Breves reflexões “finais”, naturalmente, ligadas a estes exemplos de referência, mas expressivamente generalizadas à promoção habitacional e urbana desenvolvida no âmbito da FENACHE e no que se refere à importância de uma habitação cooperativa bem regulada e estruturada

Os exemplos  apontados estão ligados à atividade direta do Guilherme Vilaverde e da Cooperativa As sete Bicas, isoladamente e associada a outras entidades cooperativas, mas tudo têm a ver com muitos outros casos de promoção residencial das muitas Cooperativas da FENACHE, cooperativas estas que provaram ser possível fazer “Habitação de Interesse Social” em Portugal em grande quantidade e com excelente e sempre inovadora qualidade arquitetónica residencial, bem harmonizada com uma gestão eficaz e participada, num trabalho muito sério e consistente ao longo de mais de 50 anos; e um trabalho realizado sempre em várias e renovadas frentes, do desenho arquitetónico, à criação de vizinhanças bem equipadas, à satisfação dos moradores e a uma gestão urbana inovadora.

Importa salientar que as cooperativas da FENACHE partilharam uma visão: um inconformismo social e habitacional aliado ao objetivo de criar espaços para todos, mas com a qualidade que qualquer um de nós deseja e exige para si próprio.

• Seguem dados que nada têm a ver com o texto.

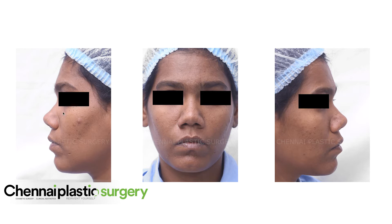If you see the nose height, the height is inadequate, so we have to increase the height in her case. The tip is also a little upwardly rotated, and we have to rotate it slightly downward so that it is aesthetically pleasing.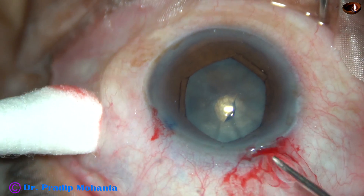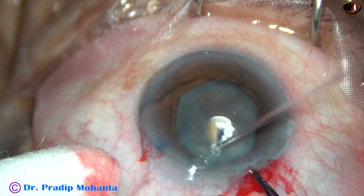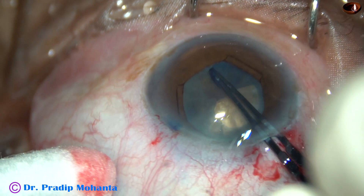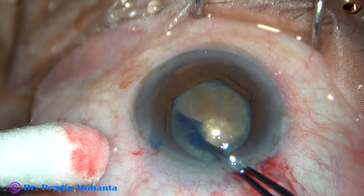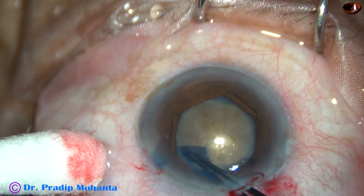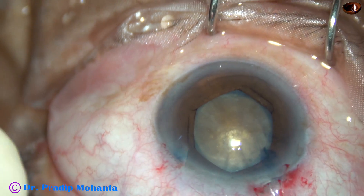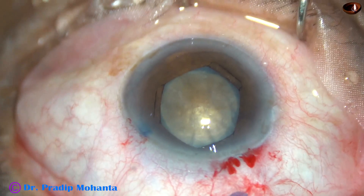And now capsulorhexis is to be done. I have incised and raised a capsular tag with a needle. And now I am going to use utrata forceps — hold the capsular tag and go along the margin of the hexagonal pupil. It has been made hexagonal by the hexagonal pupil expansion device, and an adequate size hexagonal rhexis has been done.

A grande diferença da promoção cooperativa reside exatamente nisso: não se trata de fazer  habitação para os "outros", mas sim de construir espaços onde qualquer pessoa quer viver; numa abordagem que também se carateriza pela participação ativa em todo o processo, desde o projeto até à gestão, garantindo-se, suplementarmente, a tão importante diversidade residencial e a tão difícil mas vital integração sociocultural em cada vizinhança.

E atente-se a que tudo isto foi devidamente estruturado. Acompanhado e apoiado pelas estruturas e pelos líderes da Federação Nacional de Cooperativas de Habitação Económica (FENACHE), num trabalho vital de harmonização da grande diversidade de realidades cooperativas existentes com as exigências sociais, normativas e de gestão ligadas à complexa promoção de uma habitação de interesse social com qualidade; num processo que provavelmente explica uma boa parte do êxito que teve esta promoção e que também se liga à excelente parceria que então marcou a atividade conjunta da FENACHE e do INH/IHRU.

E neste trabalho conjunto FENACHE-INH/IHRU que foi realmente fundamental para o êxito de uma parte muito significativa da muita habitação de interesse social que se fez após o 25 de Abril, importa sempre registar e sublinhar, entre outras vitais contribuições e para além da essencial atividade do Guilherme Vilaverde, a ação fundamental de alguns amigos saudosos e bem presentes nas primeiras imagens desta edição, com natural destaque para aquela que foi a incontornável ação de grande dinamismo e inovação do então Vice-Presidente da FENACHE, o Dr. José Barreiros Mateus, e também para a ação inovadora de Carlos Coradinho com o Arq. Justino Morais (este ausente das referidas fotografias) no velho Bairro de Caselas, e para a sempre presente e eficaz ação do Eng.º Defensor de Castro (no INH do Porto) e do Eng.º Hermano Vicente (no INH de Lisboa e este também ausente das referidas fotografias e ainda bem presente na atividade do GHabitar).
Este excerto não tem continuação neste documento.